KNAU commentator Scott Thybony has – for decades – pursued an interest in sacred places of the wider Four Corners region. And it was on a trek to a Buddhist meditation center in Colorado that he realized just how well Zen and mountains go together. In his latest Canyon Commentary, Thybony delves into the mystic with the story of Stone Woman … and the reason for snow.
Storm clouds surge above the highest summits as we move steadily upwards against a backdrop of cliffs and the rubble of cliffs. No one talks, and as we head beyond treeline I think about a stone woman. She appears in a chant we do twice a day, and I’m not sure if I’m supposed to be thinking about her. I’m not even sure I’m supposed to be thinking. The ten of us move deeper into the Sangre de Cristo Mountains of Colorado led by a Zen priest and a guide named Wolf.
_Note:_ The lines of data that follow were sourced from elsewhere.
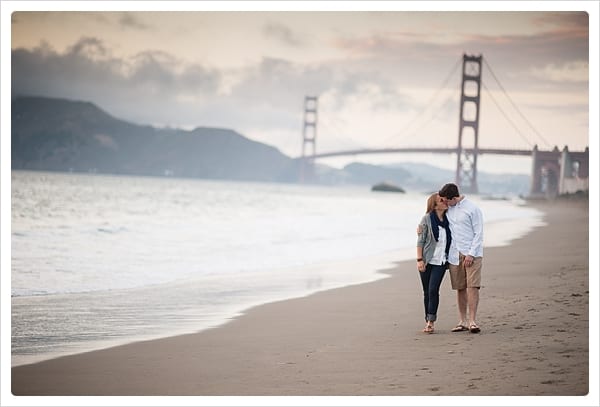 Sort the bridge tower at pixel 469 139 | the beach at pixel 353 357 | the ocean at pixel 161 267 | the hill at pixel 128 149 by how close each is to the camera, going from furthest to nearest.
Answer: the hill at pixel 128 149 < the bridge tower at pixel 469 139 < the ocean at pixel 161 267 < the beach at pixel 353 357

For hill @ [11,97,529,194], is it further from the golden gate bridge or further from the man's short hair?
the man's short hair

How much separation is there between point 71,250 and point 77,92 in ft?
7.09

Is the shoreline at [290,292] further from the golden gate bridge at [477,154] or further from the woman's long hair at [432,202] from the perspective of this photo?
the woman's long hair at [432,202]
For me, Zen and mountains have always gone together. So when a chance came to accompany a group from the Crestone Mountain Zen Center on a five-day-trek, I took it. Being the only non-Buddhist I’ve had some catching up to do, which has meant hours of sitting in the dark under layers of wet clothes and wetter boots, trying to meditate.
We make the final push to a pass topping out at almost 12,500 feet. The head of the Zen center stands facing a spine of peaks running far to the south. He goes by his Buddhist name, Zenki, “Or, you can call me Christian,” he said when we first met. A scrim of snow extends below the cloud-hidden summits, and after a long moment he says, “There’s a reason for the snow”.
Those near him, mostly in their 20s and 30s, wait expectantly for whatever revelation might follow. He keeps silent until someone finally asks, “What’s the reason?”
He answers simply, “Because it’s cold.”
Groans follow, and a woman says, “He’s good at demystifying things.” The heavy packs we’ve carried at a fast pace on steep, high-elevation trails have also done their part to demystify the experience. On the other hand, the Sutra of Mountains and Waters keeps me guessing. We chant it each morning, and one passage in particular stays with me:
The blue mountains are always walking.
The stone woman gives birth to a child at night.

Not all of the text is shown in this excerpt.